Mailing List Archive

subclassing term scorers
Hi Marvin --

In your last response, you asked why it was bad to have term scorers
be specific to TF/IDF scoring. I didn't do a good job of answering
clearly. I've been thinking about it more, and hopefully I can do a
better job of explaining why this time.

The problem is that while it is easy to subclass a term scorer, it's
difficult to get that subclassed scorer to be used. In the general
case you don't know what sort of posting format you are dealing with,
so you ask the posting list to generate a scorer for you. How do you
subclass something that is generated for you?
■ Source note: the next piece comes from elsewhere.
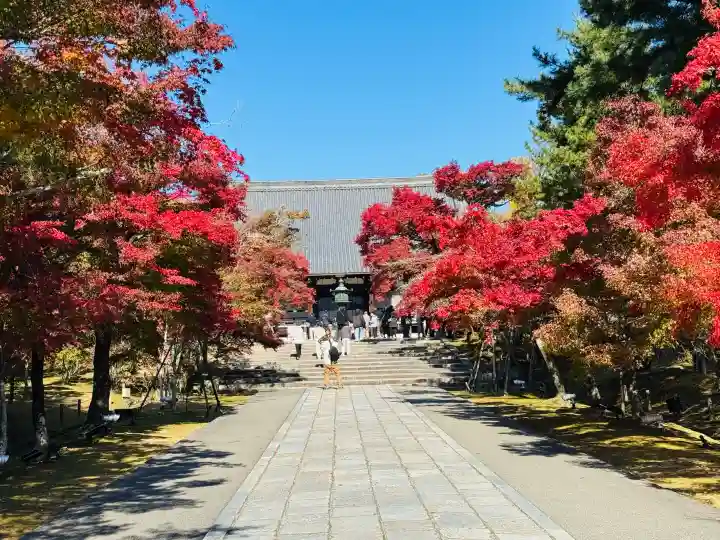 仁和寺の{uncategorized: "未分類", other: "その他", undefined: "問題あり", building: "その他建物", grave: "お墓", sacred_gate: "鳥居", guardian: "狛犬", statue: "像", buddha: "仏像", history: "歴史", nature: "自然", garden: "庭園", animal: "動物", pagoda: "塔", temizu: "手水舎", mountain_gate: "山門・神門", sanctuary: "本殿・本堂", subordinate: "末社・摂社", art: "芸術", scenery: "景色", jizo: "地蔵", ema: "絵馬", goshuin: "御朱印", omikuji: "おみくじ", items: "授与品その他", amulet: "お守り", goshuincho: "御朱印帳", eats: "食事", festival: "お祭り", votive_dance: "神楽", shichigosan: "七五三参", wedding: "結婚式", experience: "体験その他", initially: "初詣", around: "周辺", anti_infection: "感染症対策"}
Here's some some alternatives I've considered:

I could bypass PostingList->make_scorer, as PhraseScorer does, and
work directly on the Posting. This feels presumptive, and reliant on
Posting internals. I'm confused by your comfort in having
PhraseScorer do so.

I could call PostingList->make_scorer, and then twiddle with VTable so
that the scorer calls my custom tally function. This feels tricksy,
and my custom tally function would still have to forcibly cast the
Posting into something specific.

I could try to wrap the posting specific scorer with my own, and never
call its tally, but the tally I want needs access to posting->impact
(among other things), so I'd have to peek the internals of the posting
anyway.

I could change the architecture so that rather than passing a Sim
object, I pass a Tally object with a run method. Then Scorer_Tally()
is changed to call scorer->tally->run(scorer, tally). Then I
wouldn't have to subclass the generated scorer, as it would already be
customized.

(I like that this further encapsulates the particular scoring scheme,
but it would be complex, and would still require the internals of the
Scorer to be exposed, if only to the Tally object. Either it would
need an ISA() check and a cast, or some way of interrogating the
Scorer as to whether certain features are available.)

Anyway, is there a solution you would recommend here? I feel like I
must be missing something obvious. I'd like to have a path that would
continue to work even as I move to other posting formats, particularly
the mmap() approach I mentioned.

Thanks again!

Nathan Kurz
nate@verse.com
subclassing term scorers [ In reply to ]
On Jul 17, 2007, at 1:50 AM, Nathan Kurz wrote:

> The problem is that while it is easy to subclass a term scorer, it's
> difficult to get that subclassed scorer to be used.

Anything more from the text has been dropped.